The Biden administration is openly considering Judge J. Michelle Childs, an anti-union lawyer, to fill the Supreme Court soon to be vacated by Justice Stephen Breyer. Childs was characterized by one labor union leader as “a management-side lawyer” who has “argued disdainfully against workers’ rights.” During her time at the South Carolina law firm Nexsen Pruet, she repeatedly represented companies whose workers were trying to organize.
Administration spokespeople have defended Childs’ record and pledged to ensure that she makes it onto the DC Circuit Court if she doesn’t end up as the president’s SCOTUS nominee. It’s possible that Biden is only pretending to consider her for the Supreme Court seat as a sop to her primary backer, South Carolina Congressman Jim Clyburn—the third-ranking Democrat in the House and the man who arguably did more than anyone else to block Sen. Bernie Sanders from winning the 2020 Democratic nomination.

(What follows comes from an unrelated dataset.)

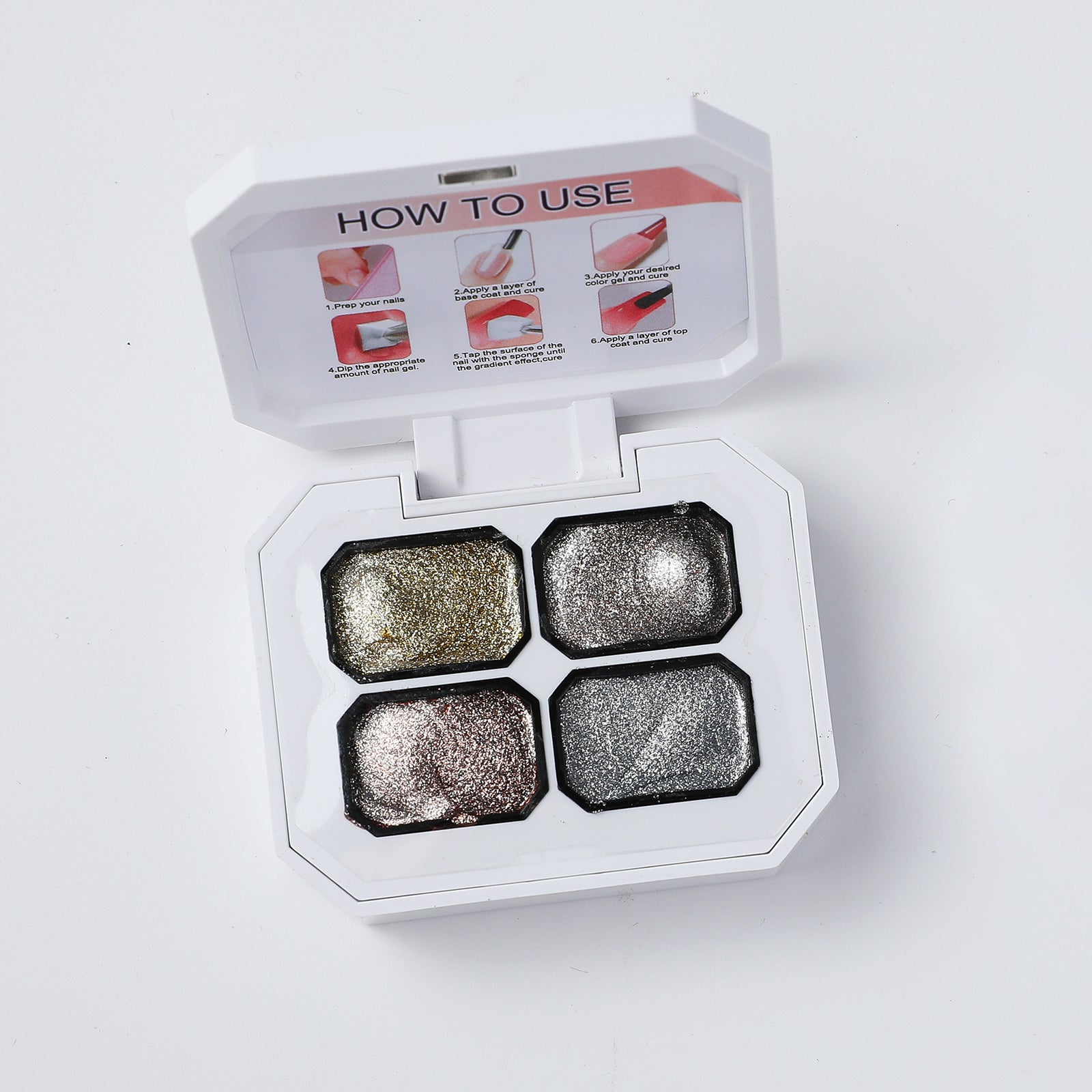 Open 4-color JKN Art platinum semi-solid patting gel set showing gold, silver, rose gold and gray shimmer shades.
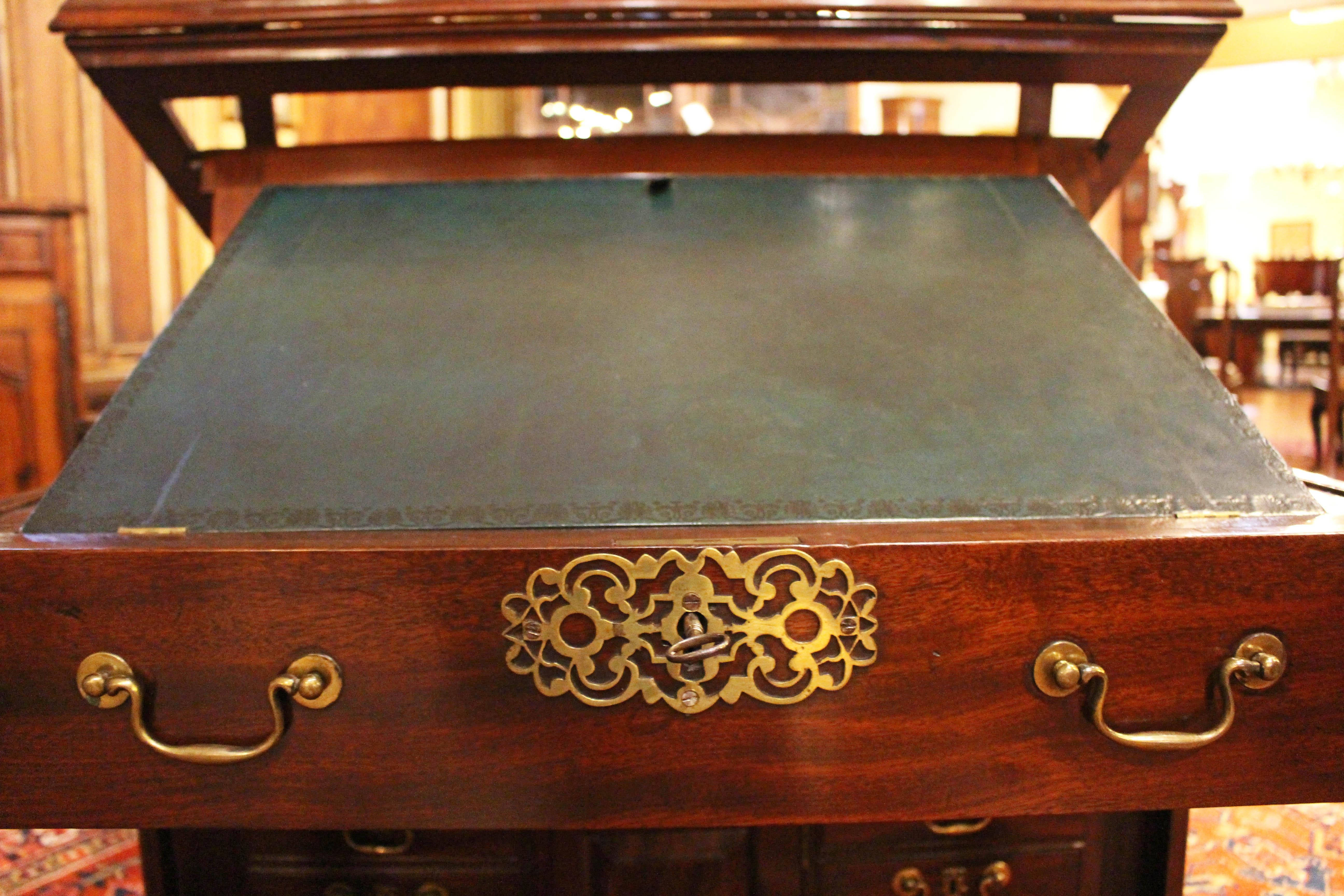 Circa 1765 George III period Gentleman's Library Writing Table Chest, English. Folio stand or drawing stand rising writing surface. Each side with 14 drawers surrounding a paneled door revealing 8 collector drawers (28 drawers & 16 collector drawers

Regardless of whether this is true, anyone who believes that “Joe from Scranton” is a genuine friend to working-class people should be surprised that he wants to appoint someone like Childs even to the DC District Court. And the administration’s defense of the choice is extremely revealing. White House spokesperson Andrew Bates referred to her “extraordinary credentials” and emphasized that she was “one of the first Black women to serve as a partner at a major South Carolina law firm.”
Got that? She might have been a partner at a union-busting law firm, but she was one of the first Black women to do so! Who cares if she opposed workers’ efforts to achieve a better life? Just focus on her “extraordinary credentials.”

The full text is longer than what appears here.